[Stored items]
▬▬▬

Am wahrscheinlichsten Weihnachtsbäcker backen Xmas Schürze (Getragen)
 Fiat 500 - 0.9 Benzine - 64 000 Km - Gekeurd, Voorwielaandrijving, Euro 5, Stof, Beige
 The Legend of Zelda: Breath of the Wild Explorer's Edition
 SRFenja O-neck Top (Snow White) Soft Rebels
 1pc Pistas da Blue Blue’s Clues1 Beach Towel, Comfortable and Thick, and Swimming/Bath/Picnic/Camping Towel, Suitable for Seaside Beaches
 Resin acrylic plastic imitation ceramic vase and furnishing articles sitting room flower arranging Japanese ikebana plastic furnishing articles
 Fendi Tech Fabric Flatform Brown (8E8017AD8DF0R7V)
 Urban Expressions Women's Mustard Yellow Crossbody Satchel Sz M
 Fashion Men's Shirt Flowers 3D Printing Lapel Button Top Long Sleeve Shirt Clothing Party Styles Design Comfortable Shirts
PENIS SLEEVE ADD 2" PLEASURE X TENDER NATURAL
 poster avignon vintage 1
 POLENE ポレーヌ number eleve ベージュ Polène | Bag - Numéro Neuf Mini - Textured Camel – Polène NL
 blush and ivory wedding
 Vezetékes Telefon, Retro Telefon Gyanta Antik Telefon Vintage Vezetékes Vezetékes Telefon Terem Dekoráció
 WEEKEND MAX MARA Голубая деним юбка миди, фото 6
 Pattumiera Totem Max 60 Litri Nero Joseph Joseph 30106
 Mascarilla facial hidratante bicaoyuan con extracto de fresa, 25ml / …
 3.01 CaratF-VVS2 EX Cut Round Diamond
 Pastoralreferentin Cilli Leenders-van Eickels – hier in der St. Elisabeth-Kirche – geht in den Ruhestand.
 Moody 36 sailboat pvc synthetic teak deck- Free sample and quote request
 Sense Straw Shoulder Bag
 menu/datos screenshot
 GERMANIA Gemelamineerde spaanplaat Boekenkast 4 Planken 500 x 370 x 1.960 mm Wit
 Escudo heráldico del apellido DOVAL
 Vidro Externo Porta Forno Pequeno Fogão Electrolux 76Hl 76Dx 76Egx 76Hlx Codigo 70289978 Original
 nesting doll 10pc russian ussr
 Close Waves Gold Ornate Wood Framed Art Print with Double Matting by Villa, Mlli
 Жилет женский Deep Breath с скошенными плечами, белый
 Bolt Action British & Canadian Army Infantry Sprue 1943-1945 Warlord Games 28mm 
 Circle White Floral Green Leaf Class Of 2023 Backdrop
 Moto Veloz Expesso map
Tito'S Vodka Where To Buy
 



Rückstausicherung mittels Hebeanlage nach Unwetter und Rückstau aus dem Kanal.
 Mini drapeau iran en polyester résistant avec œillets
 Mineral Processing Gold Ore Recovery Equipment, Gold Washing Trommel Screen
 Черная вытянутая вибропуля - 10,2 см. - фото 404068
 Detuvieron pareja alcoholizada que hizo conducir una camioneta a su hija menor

▬▬▬

== PROBLEM DESCRIPTION ==
Lines with the word "Breath" in them should be copied from the preceding records.

== REPLY ==
 The Legend of Zelda: Breath of the Wild Explorer's Edition
 Жилет женский Deep Breath с скошенными плечами, белый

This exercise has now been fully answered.